After that, I think we can say Paxman’s job is safe! It must have felt like being licked into submission by a Chihuahua.
On a more serious point, are you aware of the level of persecution, torture and murder of gay men under the new Iraqui regime? Whatever their legal status under Saddam, the old regime mostly left them alone. What is happening today is horrific but largely ignored by our media and government. And it rather undermines claims of a huge improvement in human rights.
One day later
PS David
With apologies to the Lovin Spoonful, you didn’t have to be SO nice!
David Mitchell is a lot better as a comedian than he is as an interviewer, he let you get away with so much.
“It’s been worth all the deaths…?”
“I believe so”
At what point would it be not worth it? 1 million? 5 million?
Blaming alQuaeda and the Iranians for the predictable chaos following the invasion is like setting fire to a house and blaming the flames.
Much to my surprise ‘De Standaard’ (The Standard) published a quote (in Dutch) from the diary on page 2 of its literary supplement: “I was always struck at these meetings how much ministers looked to me for the ideas and the execution”. Straight from The Guardian I suppose, but what surprised me most was the cliché caption (translated): “Alastair Campbell, former spin doctor of Tony Blair and self-declared genius, has just published the second volume of his diaries of the Blair era.” Not a word about the quality/relevance of both books of course…
I just watched this interview and sadly David Mitchell was not up to his usual intelligence and witty digging. David you let this stinker off the hook. As per usual Campbell did not answer questions properly. The reasons for the war were FABRICATED. he dodged with a generality. There were no WMD’s. And who started the Iraq and Iran War – the yanks. They told Saddam to invade – he was their man who they got bored of when geopolitcal needs changed at the end of the Cold War.

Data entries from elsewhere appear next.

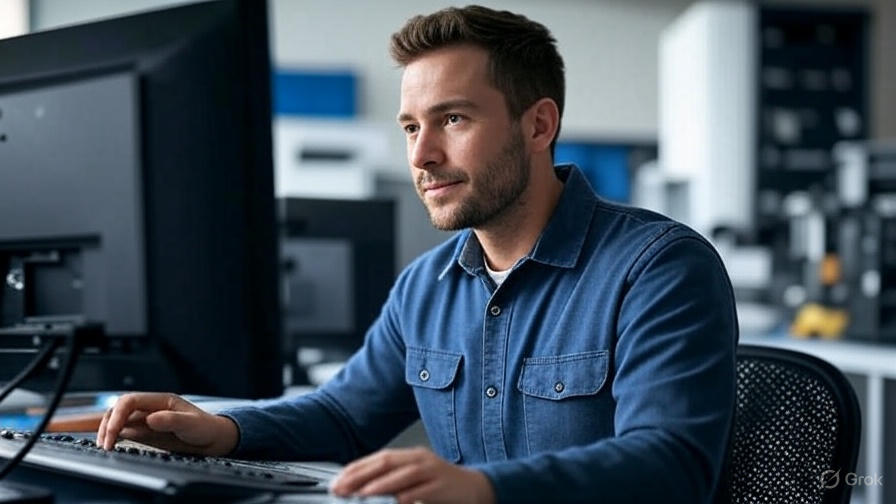 Cybersecurity & Data Protection in Cottonwood, CA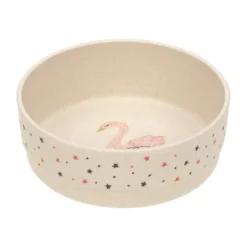 Lässig Little Water Kom Swan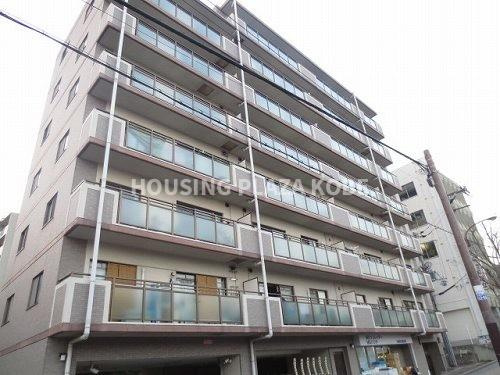 すまでらコーポ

Stop spinning! It’s making the rest of us vomit at your gob smacking deceit and self righteousness.
Alastair, you did well pal. And all the hosts did as well. You might have been a positive catalyst to them in week two, I am sure I saw it, even in Laverne. They have picked up a tone.

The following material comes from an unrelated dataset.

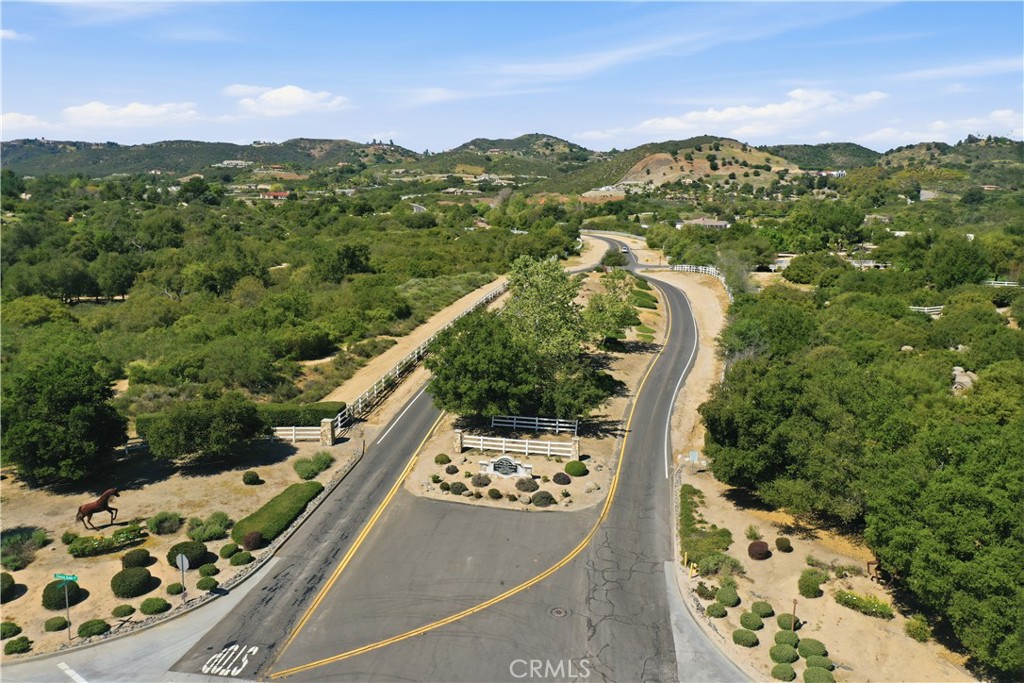 0 Paseo Chaparro Property Photo 39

I said last week, within a month/six weeks, the in-crowd will be falling over their innane gossip to see it then, as it wil show.
Thought Mitchell and you had a damned good balanced chat, allowing him to throw in the required joke gallery clapping caused jokes. But I spotted you making the crowd laugh after one of your quipes, and it was good, or did I dream it?

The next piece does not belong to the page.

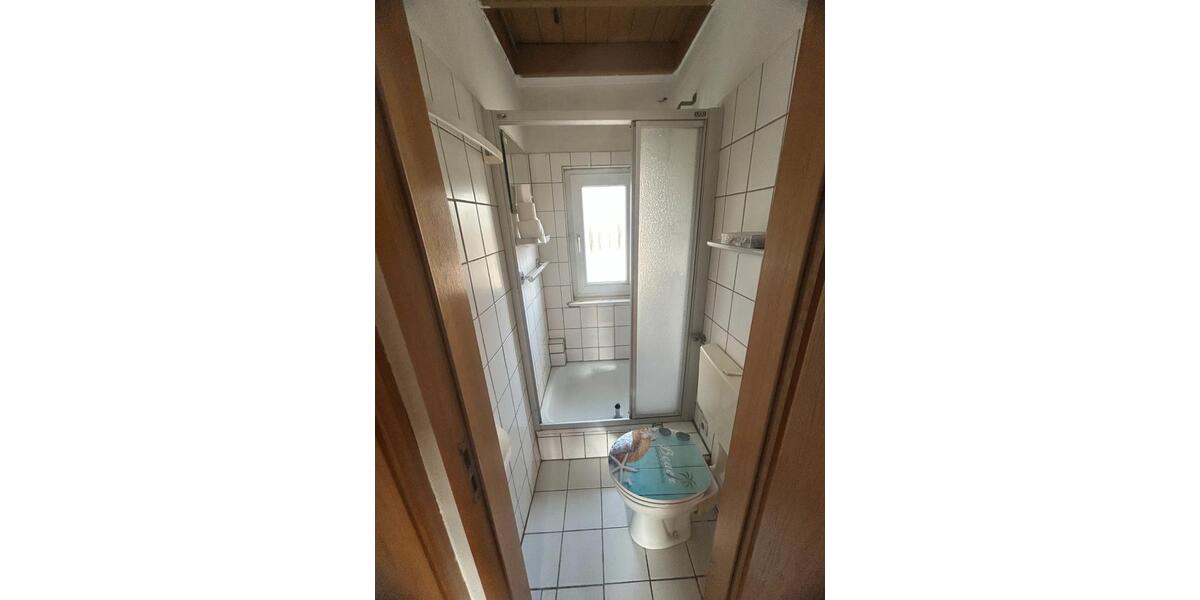 Einfamilienhaus Bottrop Boy - 7 Zimmer, 125 m&sup2;, 299.999&euro; | Angebot:26496697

Anyway, whose on there next week?…..
I’d prefer to hear what the women of Iraq say about their rights rather than what is said on ‘sourcewatch’, but nevertheless I think this good point should be answered, and the one posted by ‘Itsatwap’ about high infant mortality rates being caused by sanctions. My opinion about the 2003 Iraq invasion remains that it was a big mistake which has its origin in New Labour’s feelings of humiliation by Thatcher after the 1982 Falklands war.
Correction – the correct G**gl* search is Newscorp Audit Committee which, er, leads to the Charter document for Newscorp’s audit committee.
Essentially operating at the top echelon of the group, I assume, in the USA.
Interesting reading, setting out as it does the oversight of the corporate audit department which, one presumes, are the people working through the e-mails at NOTW.
I’m sure David Mitchells bladder let go on the floor neeting you Alastair. I am sure I saw it in his eyes. That or a pants full of sudden diarrhoa for David.
1. Perhaps he failed to mention that because the sanctions didn’t apply to medicine or food? Which may be one of the reasons why the child mortality rate FELL in the northern areas not controlled by Saddam?